## Assigned task
Repeat verbatim only the lines from the opening of the material below through the one that contains "Dusty Springfield - Once".

## Entries provided
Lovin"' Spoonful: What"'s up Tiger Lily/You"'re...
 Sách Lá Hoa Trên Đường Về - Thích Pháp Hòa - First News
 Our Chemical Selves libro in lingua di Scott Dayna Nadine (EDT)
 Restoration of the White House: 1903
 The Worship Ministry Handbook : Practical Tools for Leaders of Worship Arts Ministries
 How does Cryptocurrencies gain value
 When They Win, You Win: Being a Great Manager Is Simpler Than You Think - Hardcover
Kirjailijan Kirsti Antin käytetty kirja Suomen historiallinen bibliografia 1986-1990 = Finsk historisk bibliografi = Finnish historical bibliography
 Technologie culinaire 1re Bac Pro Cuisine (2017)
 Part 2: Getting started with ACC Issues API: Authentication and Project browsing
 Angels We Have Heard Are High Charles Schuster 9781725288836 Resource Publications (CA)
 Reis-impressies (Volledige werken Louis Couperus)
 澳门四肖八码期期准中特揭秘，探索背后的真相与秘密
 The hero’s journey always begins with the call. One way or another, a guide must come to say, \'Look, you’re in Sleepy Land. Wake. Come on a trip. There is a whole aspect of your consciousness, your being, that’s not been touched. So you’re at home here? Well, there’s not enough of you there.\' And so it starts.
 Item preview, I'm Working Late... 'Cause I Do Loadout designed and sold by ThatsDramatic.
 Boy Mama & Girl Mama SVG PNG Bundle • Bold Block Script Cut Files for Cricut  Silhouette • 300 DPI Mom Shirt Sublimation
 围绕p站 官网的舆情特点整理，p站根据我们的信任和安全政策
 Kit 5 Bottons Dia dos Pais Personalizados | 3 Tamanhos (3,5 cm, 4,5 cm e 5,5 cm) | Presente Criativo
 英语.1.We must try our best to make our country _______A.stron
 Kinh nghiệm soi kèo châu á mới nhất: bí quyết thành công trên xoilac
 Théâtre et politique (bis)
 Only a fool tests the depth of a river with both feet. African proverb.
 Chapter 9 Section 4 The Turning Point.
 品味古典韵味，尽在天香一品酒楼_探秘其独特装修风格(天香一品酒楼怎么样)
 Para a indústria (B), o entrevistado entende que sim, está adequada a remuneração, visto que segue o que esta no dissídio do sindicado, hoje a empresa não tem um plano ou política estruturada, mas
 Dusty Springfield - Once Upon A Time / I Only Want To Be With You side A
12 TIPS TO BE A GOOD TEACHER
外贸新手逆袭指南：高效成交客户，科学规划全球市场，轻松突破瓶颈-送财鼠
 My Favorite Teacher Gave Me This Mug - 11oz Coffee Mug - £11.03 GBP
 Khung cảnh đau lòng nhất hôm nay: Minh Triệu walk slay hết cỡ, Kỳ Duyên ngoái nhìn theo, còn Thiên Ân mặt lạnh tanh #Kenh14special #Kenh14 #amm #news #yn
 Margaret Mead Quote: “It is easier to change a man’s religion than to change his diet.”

## Exercise answer
Lovin"' Spoonful: What"'s up Tiger Lily/You"'re...
 Sách Lá Hoa Trên Đường Về - Thích Pháp Hòa - First News
 Our Chemical Selves libro in lingua di Scott Dayna Nadine (EDT)
 Restoration of the White House: 1903
 The Worship Ministry Handbook : Practical Tools for Leaders of Worship Arts Ministries
 How does Cryptocurrencies gain value
 When They Win, You Win: Being a Great Manager Is Simpler Than You Think - Hardcover
Kirjailijan Kirsti Antin käytetty kirja Suomen historiallinen bibliografia 1986-1990 = Finsk historisk bibliografi = Finnish historical bibliography
 Technologie culinaire 1re Bac Pro Cuisine (2017)
 Part 2: Getting started with ACC Issues API: Authentication and Project browsing
 Angels We Have Heard Are High Charles Schuster 9781725288836 Resource Publications (CA)
 Reis-impressies (Volledige werken Louis Couperus)
 澳门四肖八码期期准中特揭秘，探索背后的真相与秘密
 The hero’s journey always begins with the call. One way or another, a guide must come to say, \'Look, you’re in Sleepy Land. Wake. Come on a trip. There is a whole aspect of your consciousness, your being, that’s not been touched. So you’re at home here? Well, there’s not enough of you there.\' And so it starts.
 Item preview, I'm Working Late... 'Cause I Do Loadout designed and sold by ThatsDramatic.
 Boy Mama & Girl Mama SVG PNG Bundle • Bold Block Script Cut Files for Cricut  Silhouette • 300 DPI Mom Shirt Sublimation
 围绕p站 官网的舆情特点整理，p站根据我们的信任和安全政策
 Kit 5 Bottons Dia dos Pais Personalizados | 3 Tamanhos (3,5 cm, 4,5 cm e 5,5 cm) | Presente Criativo
 英语.1.We must try our best to make our country _______A.stron
 Kinh nghiệm soi kèo châu á mới nhất: bí quyết thành công trên xoilac
 Théâtre et politique (bis)
 Only a fool tests the depth of a river with both feet. African proverb.
 Chapter 9 Section 4 The Turning Point.
 品味古典韵味，尽在天香一品酒楼_探秘其独特装修风格(天香一品酒楼怎么样)
 Para a indústria (B), o entrevistado entende que sim, está adequada a remuneração, visto que segue o que esta no dissídio do sindicado, hoje a empresa não tem um plano ou política estruturada, mas
 Dusty Springfield - Once Upon A Time / I Only Want To Be With You side A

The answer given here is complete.